# Records for processing
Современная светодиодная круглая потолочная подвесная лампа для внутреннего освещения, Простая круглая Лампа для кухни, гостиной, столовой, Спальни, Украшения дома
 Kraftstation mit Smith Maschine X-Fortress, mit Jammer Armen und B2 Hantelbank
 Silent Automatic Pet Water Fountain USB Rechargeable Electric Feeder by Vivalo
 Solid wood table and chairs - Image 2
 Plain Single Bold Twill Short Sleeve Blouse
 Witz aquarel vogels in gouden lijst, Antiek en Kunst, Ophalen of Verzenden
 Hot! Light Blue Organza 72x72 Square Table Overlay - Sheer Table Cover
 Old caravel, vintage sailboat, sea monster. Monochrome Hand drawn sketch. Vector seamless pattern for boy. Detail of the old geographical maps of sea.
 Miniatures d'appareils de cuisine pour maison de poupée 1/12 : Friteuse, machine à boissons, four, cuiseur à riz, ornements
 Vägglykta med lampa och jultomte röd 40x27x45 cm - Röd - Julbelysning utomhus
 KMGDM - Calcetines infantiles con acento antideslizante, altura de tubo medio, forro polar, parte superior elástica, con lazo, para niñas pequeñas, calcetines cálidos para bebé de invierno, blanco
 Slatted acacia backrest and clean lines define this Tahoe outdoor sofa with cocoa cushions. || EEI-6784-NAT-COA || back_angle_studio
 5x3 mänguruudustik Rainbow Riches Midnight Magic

# Task instructions
An exact copy of every entry above is required.

# Written solution
Современная светодиодная круглая потолочная подвесная лампа для внутреннего освещения, Простая круглая Лампа для кухни, гостиной, столовой, Спальни, Украшения дома
 Kraftstation mit Smith Maschine X-Fortress, mit Jammer Armen und B2 Hantelbank
 Silent Automatic Pet Water Fountain USB Rechargeable Electric Feeder by Vivalo
 Solid wood table and chairs - Image 2
 Plain Single Bold Twill Short Sleeve Blouse
 Witz aquarel vogels in gouden lijst, Antiek en Kunst, Ophalen of Verzenden
 Hot! Light Blue Organza 72x72 Square Table Overlay - Sheer Table Cover
 Old caravel, vintage sailboat, sea monster. Monochrome Hand drawn sketch. Vector seamless pattern for boy. Detail of the old geographical maps of sea.
 Miniatures d'appareils de cuisine pour maison de poupée 1/12 : Friteuse, machine à boissons, four, cuiseur à riz, ornements
 Vägglykta med lampa och jultomte röd 40x27x45 cm - Röd - Julbelysning utomhus
 KMGDM - Calcetines infantiles con acento antideslizante, altura de tubo medio, forro polar, parte superior elástica, con lazo, para niñas pequeñas, calcetines cálidos para bebé de invierno, blanco
 Slatted acacia backrest and clean lines define this Tahoe outdoor sofa with cocoa cushions. || EEI-6784-NAT-COA || back_angle_studio
 5x3 mänguruudustik Rainbow Riches Midnight Magic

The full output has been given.